P: ¿Podría decirse entonces que la industrialización se aplica a la realidad al mismo tiempo que va creando los mecanismos —ideológicos, económicos, sociales— que la hacen posible?

R: La robotización, la nueva industrialización, la artesanía digital o como prefiramos llamarla, no es solo cuestión de técnica. Se extiende por dimensiones diversas y entrelazadas; implica, como dices, un sistema que se va haciendo a sí mismo conforme se va probando en la realidad. De ahí su complejidad y la exigencia de abordarla con los herramientas de pensamiento y de gestión adecuadas. Por eso es tan importante entender que la industrialización, para ser viable, para actualizar todos sus potenciales, debe sostenerse en la formación, en la educación. Pero una educación que no solo sirva para adiestrar a los futuros diseñadores en ciertas capacidades técnicas, sino que, sobre todo, sirva para modelar su pensamiento, para orientar el modo en que se enfrentarán a los problemas reales de la sociedad.

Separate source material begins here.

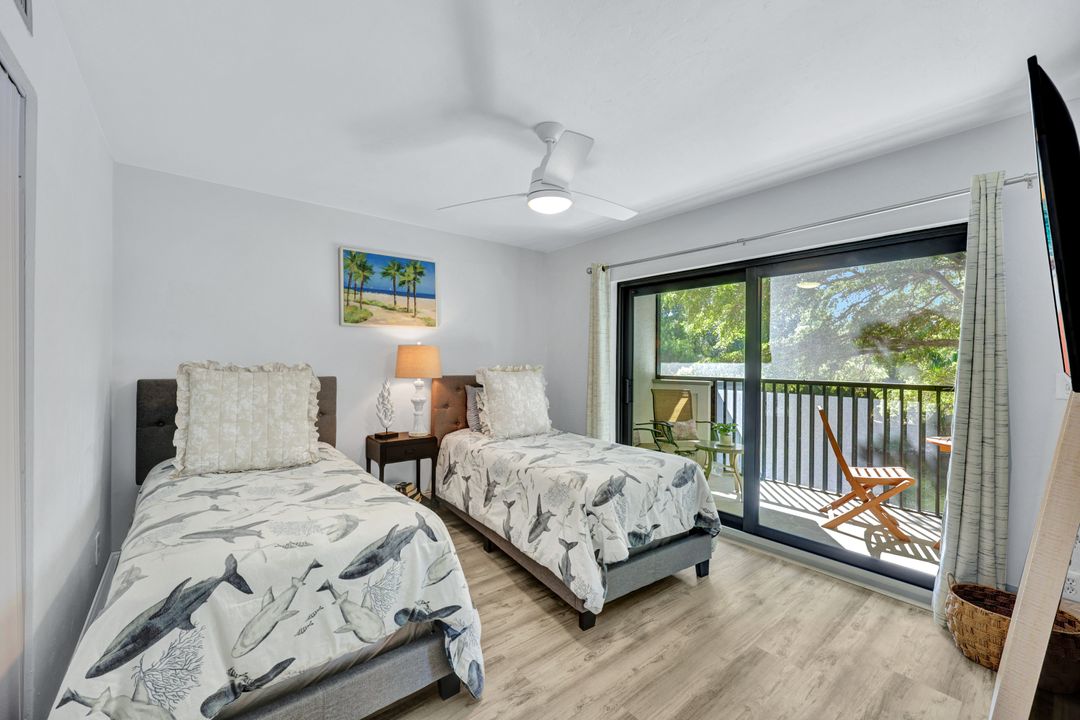 600 Neapolitan Way #257, Naples, FL 34103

P: ¿En qué se diferencia este tipo de educación de la tradicional?

R: Se diferencia, fundamentalmente, en que quiere seguir siendo politécnica. Antaño poderoso e incluso predominante, el modelo politécnico se ha ido diluyendo hasta resultar hoy casi una excepción. Unas veces porque las tradiciones de enseñanza, más afines a los lados artísticos de la profesión, han tendido a favorecer la idea del arquitecto como diseñador puro, como especialista en formas. Otras veces porque las exigencias de la sociedad, la ideología de la fast architecture, y la crisis y la confusión que afectan a la profesión, han minado el modelo politécnico de antaño. Es cierto que la formación de un arquitecto hoy no puede ser ni la de un ingeniero del siglo XIX ni la de la un profesional de los años del desarrollismo o la Transición. Pero no es menos cierto que esto no debería implicar la renuncia al modelo. Lo que necesita la enseñanza politécnica no es un mentís absoluto; es una reforma, una actualización, y una de las maneras de hacerlo es incorporar, desde el principio, las tecnologías ligadas a la nueva industrialización. No podemos seguir desligando los aspectos formales de los aspectos constructivos de la disciplina, a no ser que queramos convertir a los arquitectos en meros “diseñadores de exteriores”, como ya son en buena medida en otros países y tradiciones culturales.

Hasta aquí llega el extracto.